Photo by scsmith4.
Tonight at St. John’s Church at 6:00, the Citizens Association of Georgetown will be hosting an open meeting to discuss proposed changes to zoning rules in Georgetown. It sounds incredibly dry, but it is actually a very interesting topic and should help influence land use policy in Georgetown for decades to come.
The District of Columbia last rewrote its zoning code in 1958. Since that time the local government (which over that time transitioned from a board of commissioners, to an appointed council, and finally to an elected council) has touched up the document in innumerable ways. As a result, it is now a hulking incomprehensible mess.
In 2006, the DC Office of Planning updated another old guiding document: the Comprehensive Plan. This document sets forth the Districts general policies for a wide range of issues. Amending it meant establishing the city’s course for the next century.

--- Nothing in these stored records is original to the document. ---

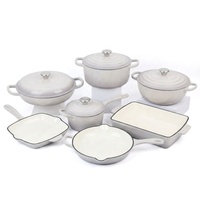 Ensemble de casseroles en fonte classique écologique de 11 pièces avec revêtement émaillé antiadhésif sans plomb ni chrome, logo personnalisé, compatible four et lave-vaisselle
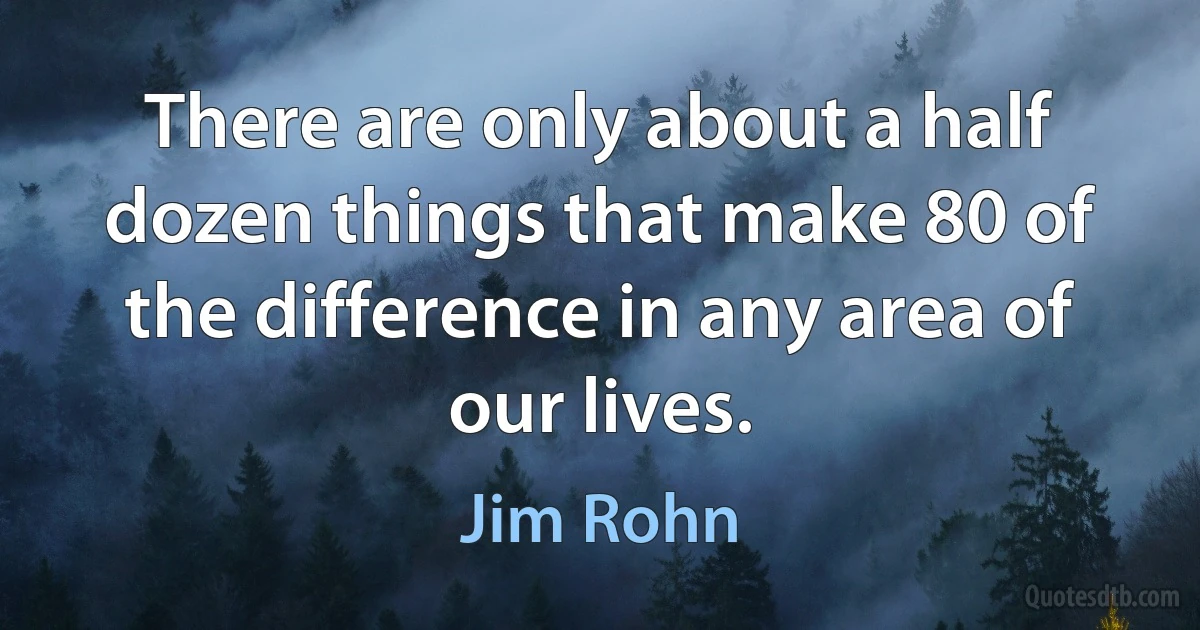 There are only about a half dozen things that make 80 of the difference in any area of our lives. (Jim Rohn)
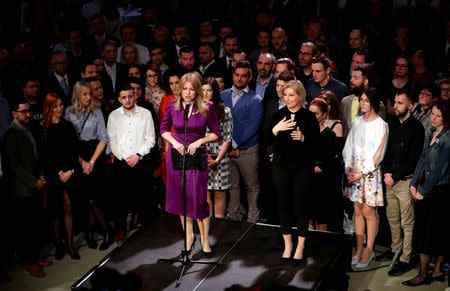 Slovakia's presidential candidate Zuzana Caputova speaks at the party's headquarters in Bratislava, Slovakia, March 30, 2019. REUTERS/David W Cerny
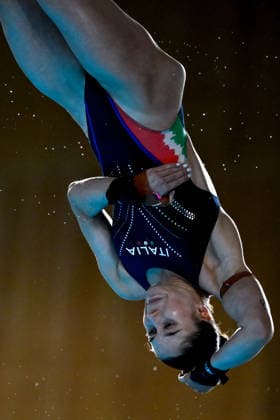 Sarah Jodoin Di Maria of Italy competes in the diving 10m Platform Women Preliminary during the European Aquatics Championships at the Olympic Aquatic Center in Paris (France), August 3, 2026. Andrea Staccioli
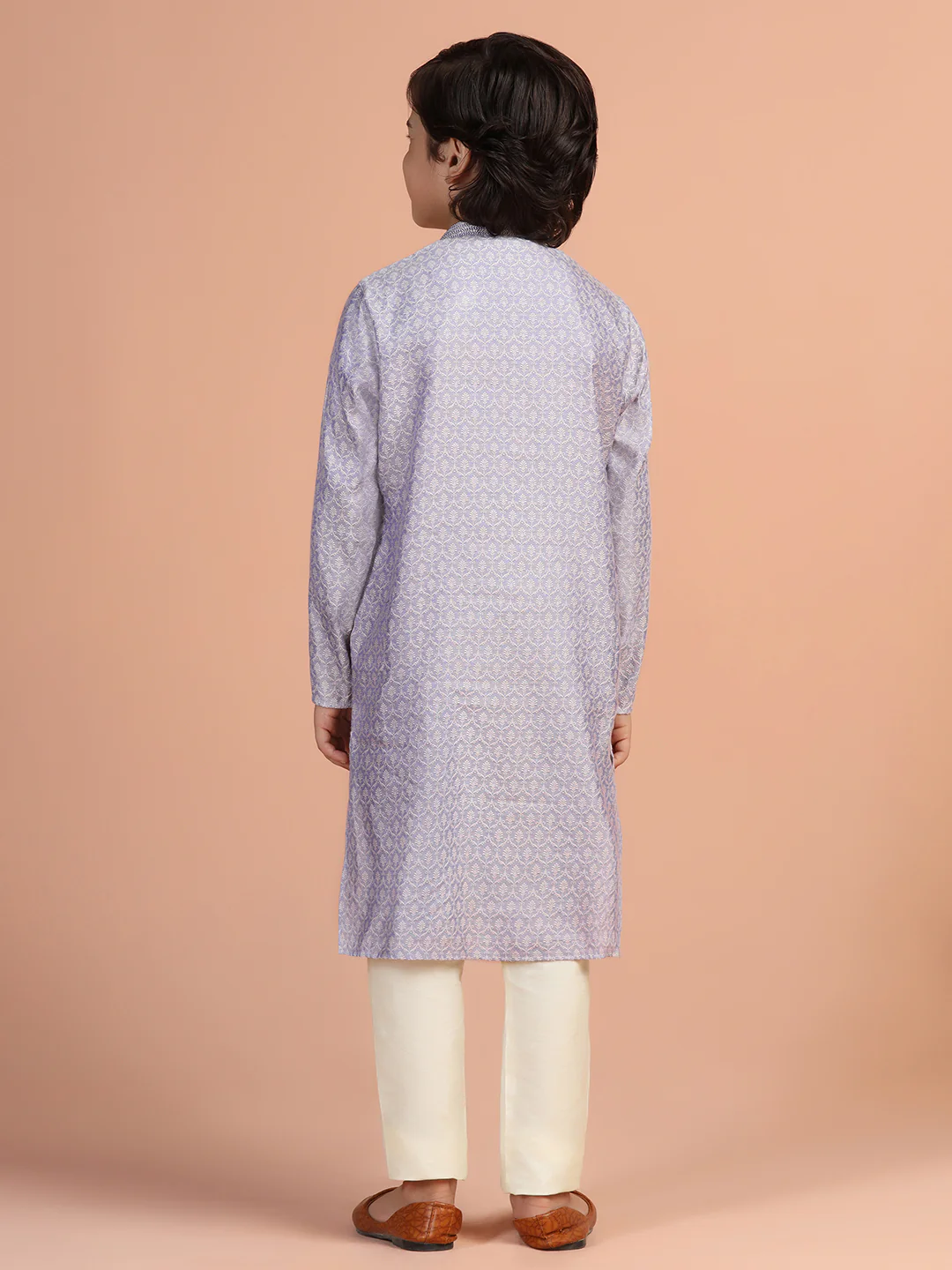 Lavender Jacquard Kids Kurta Set - Image 4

Since the comp plan had much to say about land use, it followed that the zoning code should be modernized to incorporate the new policies set forth in the plan. The Office of Planning has been slowly working towards producing that updated code for years now. Last year it finally issued draft new regulations.
Early on, the Citizens Association of Georgetown reached out to the Office of Planning and requested an opportunity to work with the Office of Planning on drafting the rules that would specifically apply to Georgetown. The office was receptive to the request and began working with CAG.
Members of CAG representing ostensibly divergent views worked on the draft. Some were conservative and were nervous about the possibility of increased density, while others (like GM) are card carrying urbanists who welcome increased density. Over many meetings within CAG and with the Office of Planning, a draft “specialized zone” was created for Georgetown.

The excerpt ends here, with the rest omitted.